Given is a set of points $S = \{s_1,...,s_N\in\mathbb{R}^n\}$ and a plane $H_1$ with $H_1^+ = \{ x \in \mathbb{R}^n ~\vert~ n_1^Tx - b_1 \geq 0\}$ being its positive half-space, such that $\forall s\in S : s \in H_1^+$ and $\frac{1}{N}\sum_{s\in S} (n_1^Ts - b_1)$ is minimized. Such a plane can be found by solving an LP of the form $$ \min F^T z\\ \text{subject to} \\ \forall s\in S: \begin{pmatrix}-s^T&1\end{pmatrix}z \leq 0, \\ -F^T z \leq -1, $$ where $F = \begin{pmatrix}\frac{1}{N}\sum_{s\in S} s\\-1\end{pmatrix}$.
That works.
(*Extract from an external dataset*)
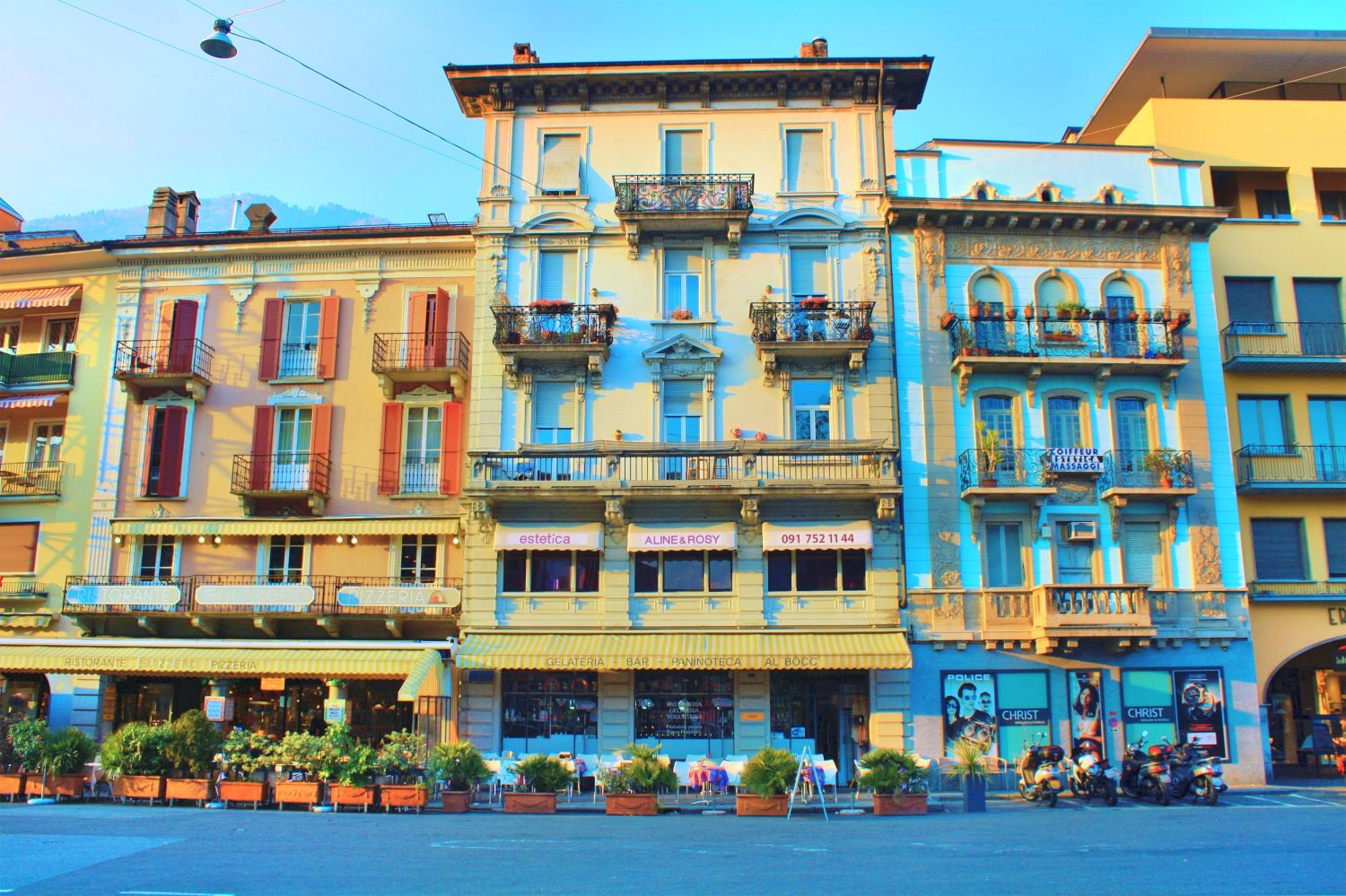 Compare 5 airports near Locarno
Now however I want to find an additional plane $H_2$ with normal $n_2$ and bias $b_2$, which also satisfies the above criteria and it potentially intersects, but is not equal to $H_1$.
My question is how to formulate this as an LP in order to find $n_2$ and $b_2$.
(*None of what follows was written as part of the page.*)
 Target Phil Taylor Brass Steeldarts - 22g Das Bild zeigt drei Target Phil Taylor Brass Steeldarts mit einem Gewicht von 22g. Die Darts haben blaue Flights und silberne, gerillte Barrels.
More contextually my problem is about finding planes $H_1,...,H_p$ which form a polytope $P = \bigcap_{i=1}^p H_i^+$, such that $\text{conv}S \subseteq P$. My approach (and hence the question) is to start with an initial plane $H_1$ and solving extra LPs for each new plane, until a bounding polytope is found.
Any advice or perhaps an alternative approach would be greatly appreciated. I admit that my knowledge of linear programming is quite limited but I am slowly catching up.
EDIT: To clarify the general problem a bit, I am not trying to find the convex hull, but rather an over-approximation of it given a fixed number of $p = n+k$ faces.